# Convicts in the filter



## Adnil (Apr 16, 2011)

This is just crazy, we're cleaning out the filter in our 56 gal tall and find 6 convicts. Our two Convicts had a litter?, of the 40 plus, most are 3/4" to 1" long already. Here are these little guys, pale and only 3/8" long. Who would have thought they would survive in the filter? They are up in the real world now and staying together and hiding.


----------



## jrman83 (Jul 9, 2010)

I would suggest getting a sponge filter and putting it over your filter intake.


----------



## NeonShark666 (Dec 13, 2010)

The little guys like to hide. If you don't provide them a place, (rocks, caves, plants), they will find one. The Convicts probably didn't spawn there. Convicts are very defensive of their spawn so they can easily spawn in a community tank. I had a pair of Kribs do the same thing.


----------



## mec102778 (Feb 17, 2011)

My female Johanni has been hidding a lot lately i'm hoping they are breeding that would be awesome! My Kribs also look to be matting status the female has a red circle on her which I believe indicates ready for mating.


----------



## Adnil (Apr 16, 2011)

The sponge on the water intake is a great idea, I've got one on my other filter where my Kribs are trying to breed.
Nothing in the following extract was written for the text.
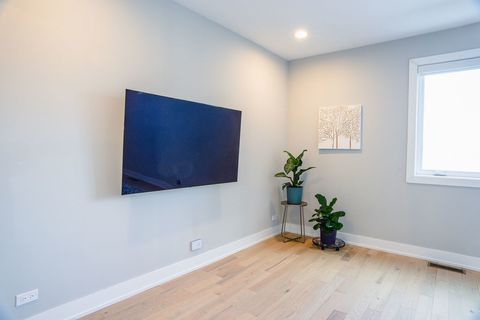 Tiny photo for 1625 N Kedzie Avenue, Chicago, IL 60647 (MLS # 12554593)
We watched the whole cycle with this Convict pair we have, they were so careful and protective I never thought they got anywhere near the uptake. I felt to bad to find these 6 guys alive in the filter box, at least they were alive! They must have been in there at least two weeks with no light and eating the algae and whatever.
Convicts are so easy to breed I'm wondering what to do with all these fish? Give some to my local fish store guy? How many Convicts should I keep to help deter the others from breeding? Is that possible?


----------